• Available data:
******************************

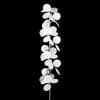Торшер Matisse 10008F white Loft It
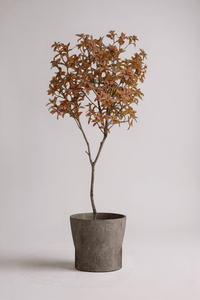 Japanese Andromeda - Real - Trunk Artificial - Potted plant - 4921603839551 - Tumbleweed Plants - Online Plant Delivery Singapore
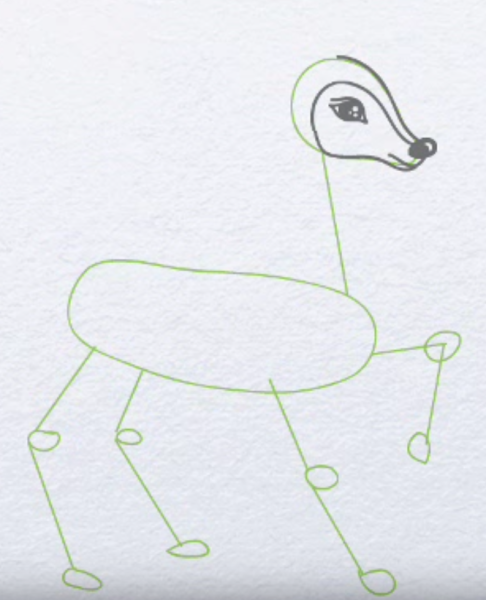 Олень раскраска для детей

******************************

• What you are asked to do: Reproduce the listing verbatim, pictures excluded.

• Task response:
Торшер Matisse 10008F white Loft It
 Japanese Andromeda - Real - Trunk Artificial - Potted plant - 4921603839551 - Tumbleweed Plants - Online Plant Delivery Singapore
 Олень раскраска для детей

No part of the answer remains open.